Ten Tips for Online Investors

When You Invest Online, Be Sure To

  1. Receive full disclosure, prior to opening your account, about the alternatives for buying and selling securities and how to obtain account information if you cannot access the firm’s Web site.
  2. Understand that most likely you are not linked directly to the market, and that the click of your mouse does not instantly execute the trade.
  3. Receive information from the firm to substantiate any advertised claims concerning the ease and speed of online trading.
  4. Receive information on the firm’s Web site about significant outages, delays and other interruptions to securities trading and account access, and how to proceed under these circumstances.
  5. Obtain information before trading about entering and canceling orders (market, limit and stop loss), and the details and risks of margin accounts (borrowing to buy stocks).

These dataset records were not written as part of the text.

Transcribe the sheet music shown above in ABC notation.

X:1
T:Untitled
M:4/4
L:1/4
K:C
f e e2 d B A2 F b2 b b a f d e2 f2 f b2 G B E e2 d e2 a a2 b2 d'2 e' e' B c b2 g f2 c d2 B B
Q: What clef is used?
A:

  6. Determine whether you are receiving delayed or real-time stock quotes and when your account information was last updated.
  7. Review the firm’s privacy and Web site security policies and whether your name may be used for mailing lists or other promotional activities by the firm or any other party.
  8. Receive clear information about commissions and fees and conditions that apply to any advertised commission.
  9. Know how to, and if necessary, contact a customer service representative with your concerns and request prompt attention and fair consideration.
  10. Contact your state securities agency to (1) verify the registration/licensing status and disciplinary history of the online brokerage firm; (2) find out if the investment is permitted to be sold; and (3) file a complaint, if necessary.